:: AVAILABLE RECORDS ::
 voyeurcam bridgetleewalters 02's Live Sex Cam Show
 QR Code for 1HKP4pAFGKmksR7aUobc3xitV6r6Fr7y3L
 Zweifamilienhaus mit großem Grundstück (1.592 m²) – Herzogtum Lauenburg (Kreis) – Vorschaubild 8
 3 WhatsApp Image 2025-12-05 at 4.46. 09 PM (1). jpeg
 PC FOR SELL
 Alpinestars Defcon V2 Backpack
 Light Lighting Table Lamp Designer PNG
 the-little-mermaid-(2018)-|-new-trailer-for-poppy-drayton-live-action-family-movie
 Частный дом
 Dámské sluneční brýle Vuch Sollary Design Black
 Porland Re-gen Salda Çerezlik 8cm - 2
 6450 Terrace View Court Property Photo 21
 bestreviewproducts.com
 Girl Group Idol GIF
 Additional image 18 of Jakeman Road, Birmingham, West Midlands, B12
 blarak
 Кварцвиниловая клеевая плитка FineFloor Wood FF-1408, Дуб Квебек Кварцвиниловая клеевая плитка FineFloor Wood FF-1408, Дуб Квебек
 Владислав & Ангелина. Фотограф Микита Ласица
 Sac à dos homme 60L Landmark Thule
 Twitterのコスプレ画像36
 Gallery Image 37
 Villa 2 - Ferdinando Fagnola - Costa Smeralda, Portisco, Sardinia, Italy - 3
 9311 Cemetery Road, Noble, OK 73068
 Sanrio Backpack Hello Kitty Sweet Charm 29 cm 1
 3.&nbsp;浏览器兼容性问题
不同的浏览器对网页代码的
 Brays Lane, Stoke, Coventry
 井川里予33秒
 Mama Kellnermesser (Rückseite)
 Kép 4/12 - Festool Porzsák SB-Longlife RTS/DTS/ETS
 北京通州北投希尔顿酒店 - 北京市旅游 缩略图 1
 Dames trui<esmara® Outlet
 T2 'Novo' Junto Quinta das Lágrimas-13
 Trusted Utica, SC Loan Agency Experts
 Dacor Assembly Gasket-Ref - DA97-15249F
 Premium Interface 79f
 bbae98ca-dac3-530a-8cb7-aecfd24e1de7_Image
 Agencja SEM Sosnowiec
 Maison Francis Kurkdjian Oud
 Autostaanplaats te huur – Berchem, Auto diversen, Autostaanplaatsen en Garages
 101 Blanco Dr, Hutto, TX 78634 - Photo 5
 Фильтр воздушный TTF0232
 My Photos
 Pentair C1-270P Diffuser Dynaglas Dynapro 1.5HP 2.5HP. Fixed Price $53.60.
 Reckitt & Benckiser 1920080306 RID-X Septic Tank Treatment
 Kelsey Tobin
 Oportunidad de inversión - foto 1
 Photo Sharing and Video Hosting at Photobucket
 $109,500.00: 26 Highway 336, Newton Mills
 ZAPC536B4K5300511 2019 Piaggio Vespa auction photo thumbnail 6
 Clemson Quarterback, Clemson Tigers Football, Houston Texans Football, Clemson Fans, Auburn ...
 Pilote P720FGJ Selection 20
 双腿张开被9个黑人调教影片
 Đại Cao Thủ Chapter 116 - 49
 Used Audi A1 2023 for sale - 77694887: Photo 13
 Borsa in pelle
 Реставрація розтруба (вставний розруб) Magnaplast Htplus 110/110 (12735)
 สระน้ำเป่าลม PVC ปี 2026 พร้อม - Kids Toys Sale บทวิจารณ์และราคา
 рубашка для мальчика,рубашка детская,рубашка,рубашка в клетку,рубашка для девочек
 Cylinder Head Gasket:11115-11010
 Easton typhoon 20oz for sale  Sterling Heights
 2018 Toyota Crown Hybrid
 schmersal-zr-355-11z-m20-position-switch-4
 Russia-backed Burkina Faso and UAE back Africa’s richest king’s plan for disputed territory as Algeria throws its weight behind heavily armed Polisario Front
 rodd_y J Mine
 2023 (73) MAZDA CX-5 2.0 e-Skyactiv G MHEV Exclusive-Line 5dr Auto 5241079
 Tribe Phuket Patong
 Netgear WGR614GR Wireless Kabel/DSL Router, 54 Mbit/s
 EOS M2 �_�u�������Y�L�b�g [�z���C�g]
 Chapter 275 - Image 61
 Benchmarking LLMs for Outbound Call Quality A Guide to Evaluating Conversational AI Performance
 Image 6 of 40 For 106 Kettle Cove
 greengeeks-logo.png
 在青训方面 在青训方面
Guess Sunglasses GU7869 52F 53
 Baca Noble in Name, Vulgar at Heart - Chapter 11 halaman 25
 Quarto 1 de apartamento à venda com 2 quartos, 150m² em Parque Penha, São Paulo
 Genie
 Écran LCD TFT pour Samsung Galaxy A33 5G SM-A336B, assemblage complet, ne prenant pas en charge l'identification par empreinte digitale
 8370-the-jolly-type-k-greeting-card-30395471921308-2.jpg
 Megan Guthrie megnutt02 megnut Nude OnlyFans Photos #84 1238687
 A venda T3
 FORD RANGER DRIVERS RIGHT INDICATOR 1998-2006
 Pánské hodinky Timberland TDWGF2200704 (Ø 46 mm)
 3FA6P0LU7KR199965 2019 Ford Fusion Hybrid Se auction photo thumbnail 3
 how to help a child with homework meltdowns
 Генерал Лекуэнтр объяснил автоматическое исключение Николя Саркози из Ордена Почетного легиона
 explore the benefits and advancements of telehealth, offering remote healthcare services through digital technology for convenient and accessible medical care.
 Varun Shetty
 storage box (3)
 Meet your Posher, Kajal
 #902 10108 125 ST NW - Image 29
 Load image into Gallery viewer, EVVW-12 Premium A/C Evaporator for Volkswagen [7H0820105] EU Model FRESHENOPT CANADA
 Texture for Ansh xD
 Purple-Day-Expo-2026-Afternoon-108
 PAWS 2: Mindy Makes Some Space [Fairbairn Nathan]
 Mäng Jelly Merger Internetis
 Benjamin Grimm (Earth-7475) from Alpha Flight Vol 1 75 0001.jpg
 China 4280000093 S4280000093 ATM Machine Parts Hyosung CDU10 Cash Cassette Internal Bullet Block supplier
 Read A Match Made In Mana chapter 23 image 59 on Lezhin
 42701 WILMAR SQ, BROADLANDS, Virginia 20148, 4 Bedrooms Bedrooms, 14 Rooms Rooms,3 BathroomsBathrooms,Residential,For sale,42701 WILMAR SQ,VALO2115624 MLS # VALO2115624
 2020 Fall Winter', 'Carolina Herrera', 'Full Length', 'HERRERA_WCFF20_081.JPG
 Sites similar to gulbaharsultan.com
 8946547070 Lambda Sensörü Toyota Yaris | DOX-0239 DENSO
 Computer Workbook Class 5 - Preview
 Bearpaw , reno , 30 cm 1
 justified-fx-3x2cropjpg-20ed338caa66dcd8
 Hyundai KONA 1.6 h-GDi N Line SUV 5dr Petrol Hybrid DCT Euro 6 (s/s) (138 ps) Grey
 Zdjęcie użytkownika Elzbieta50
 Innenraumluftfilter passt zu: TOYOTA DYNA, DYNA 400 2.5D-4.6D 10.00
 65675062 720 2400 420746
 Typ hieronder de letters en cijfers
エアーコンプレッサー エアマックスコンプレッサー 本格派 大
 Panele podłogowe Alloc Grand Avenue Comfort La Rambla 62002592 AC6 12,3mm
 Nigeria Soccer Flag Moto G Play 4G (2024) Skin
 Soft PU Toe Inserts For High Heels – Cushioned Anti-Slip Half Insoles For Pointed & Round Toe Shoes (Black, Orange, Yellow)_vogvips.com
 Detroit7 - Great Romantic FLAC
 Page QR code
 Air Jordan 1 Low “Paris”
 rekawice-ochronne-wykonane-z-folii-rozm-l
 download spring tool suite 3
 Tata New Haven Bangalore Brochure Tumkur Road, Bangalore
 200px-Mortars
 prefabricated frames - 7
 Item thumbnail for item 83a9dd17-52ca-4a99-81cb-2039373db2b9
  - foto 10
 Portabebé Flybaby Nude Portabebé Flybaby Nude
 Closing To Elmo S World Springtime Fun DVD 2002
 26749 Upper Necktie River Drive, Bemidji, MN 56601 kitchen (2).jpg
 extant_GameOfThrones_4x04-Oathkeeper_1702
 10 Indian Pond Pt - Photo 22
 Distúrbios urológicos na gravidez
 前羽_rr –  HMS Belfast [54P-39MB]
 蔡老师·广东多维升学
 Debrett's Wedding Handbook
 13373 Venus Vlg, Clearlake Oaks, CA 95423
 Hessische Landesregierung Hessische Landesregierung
:::
Your job is to return all lines above that hold the word "auction".

 ZAPC536B4K5300511 2019 Piaggio Vespa auction photo thumbnail 6
 3FA6P0LU7KR199965 2019 Ford Fusion Hybrid Se auction photo thumbnail 3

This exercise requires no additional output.